Сюзанна умерла в своем доме на улице Сен-Доменик 8 марта 1906 года. С тех пор Леон стал носить свою законную фамилию – Коэлла. Он оставался холостым, «опасаясь, – как пишет Табаран, – парижских пересудов по поводу неопределенности своего гражданского положения, которые огорчили бы его мать... Он женился только после ее смерти, но регистрация брака носила сугубо скромный характер, происходила в самом интимном кругу, без шума». Его женою стала девица Фанфийон, это она изобрела так называемый «порошок Фанфийон, способствующий несению яиц», и была по сему случаю награждена медалью за сельскохозяйственные заслуги.

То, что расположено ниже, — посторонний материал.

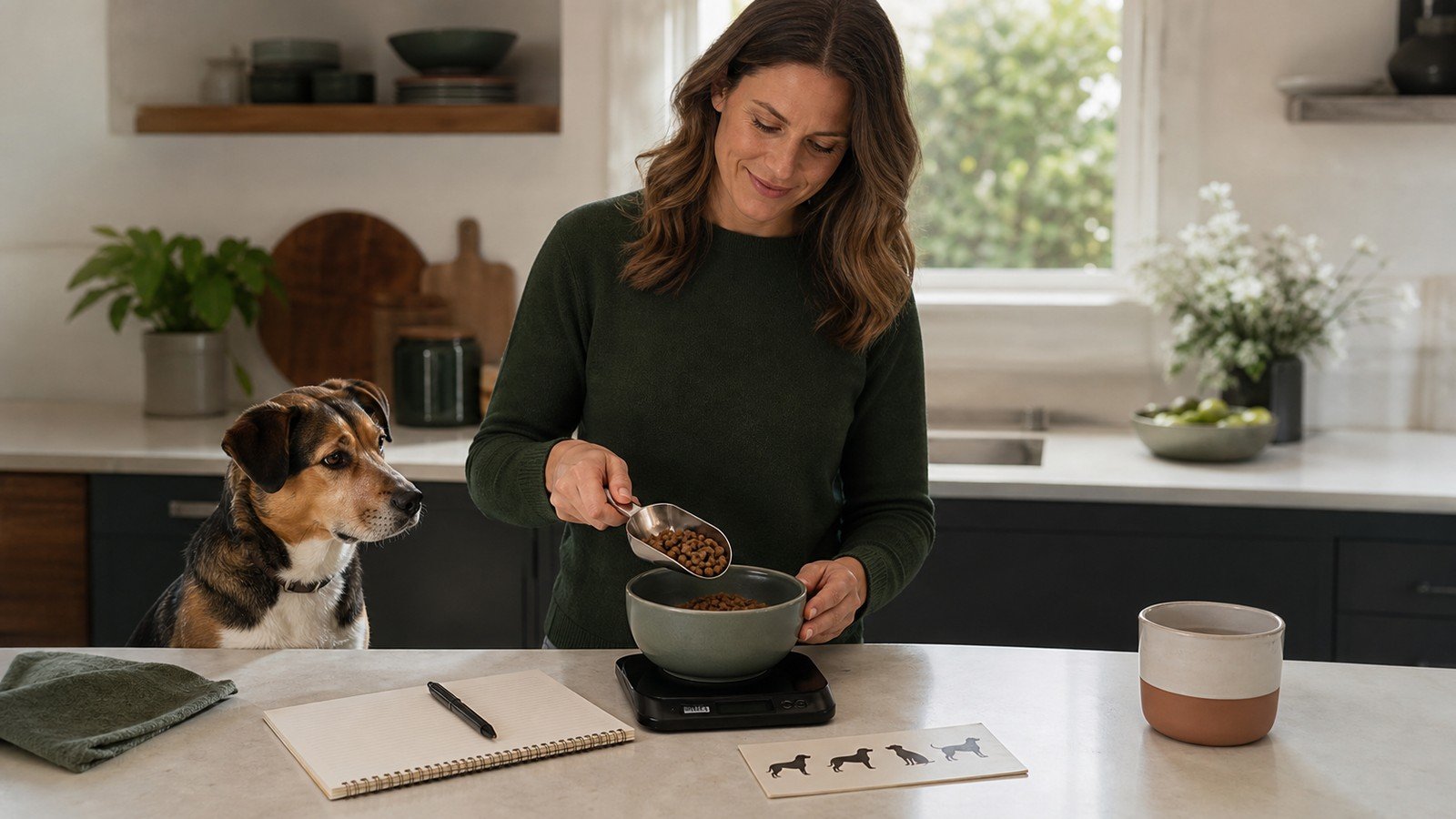 Dog owner measuring an unbranded dog food portion while a dog waits nearby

За три года до смерти Сюзанна получила наследство от одной из своих сестер, вдовы живописца Жюля Вибеpa. В 1899 году сестра эта потеряла одного из двух сыновей, Эдуарда; ему было тогда около тридцати лет; по причине слабого здоровья он так и не успел выбрать себе профессию. Имея склонности к искусству, особенно к живописи, он выполнил большое количество копий или подражаний произведениям Мане. Сюзанна взирала на его труды с умилением. После смерти Эдуарда Вибера почти все эти картины были проштемпелеваны Леоном Коэлла специальной печатью с надписью «Наследство вдовы Эдуарда Мане», – таким образом, к немногим остававшимся у нее произведениям Мане прибавились многочисленные копии Эдуарда Вибера вкупе с несколькими работами Жюля Вибера и Рудольфа Ленхофа, брата Сюзанны. Коэлла, пишет Табаран, «никогда не утверждал, что все это сделано Мане». Но «вскоре случилось то, что должно было случиться. Когда картины переходили из рук в руки, надпись на штампе неминуемо рождала заблуждения. Обычно говорили, что „штамп владелицы“ само собой подразумевает „работу Мане“. О том, что за этим последовало, нетрудно догадаться. Многие попались на удочку. Сколько таких людей приходило к нам, потрясая картиной, на которой имелся „штамп владельца“; как гордились они, что это Мане! Да и разочаровывались они только наполовину, уверенные, что как-нибудь однажды им удастся словить на этом какого-нибудь малоосведомленного коллекционера».
И наконец, последнее о Леоне Коэлла. Удалившись от дел, он обосновался в деревушке Бизи в департаменте Эр и увез туда брата искусного копииста Эдуарда Вибера, уже давно выжившего из ума старика. Подле этого несчастного человека, который бродил по деревне, бормоча какие-то бессвязные слова, и прошли последние годы Леона Коэлла. Он умер в 1927 году, тогда же, что и Теодор Дюре.
От переводчика
Книга Перрюшо о творчестве замечательного французского художника Эдуарда Мане – четвертая работа этого автора, переведенная на русский язык. Ей предшествовали изданные у нас книги о Сезанне, Тулуз-Лотреке и Ван-Гоге. Начав в 1955 году серию монографий о живописцах-соотечественниках, названную «Искусство и судьба», Перрюшо включил в нее, помимо перечисленных, произведения о Ренуаре, Гогене, Сёра, Анри Руссо.
В соответствии с исторической хронологией Мане открывает эту серию.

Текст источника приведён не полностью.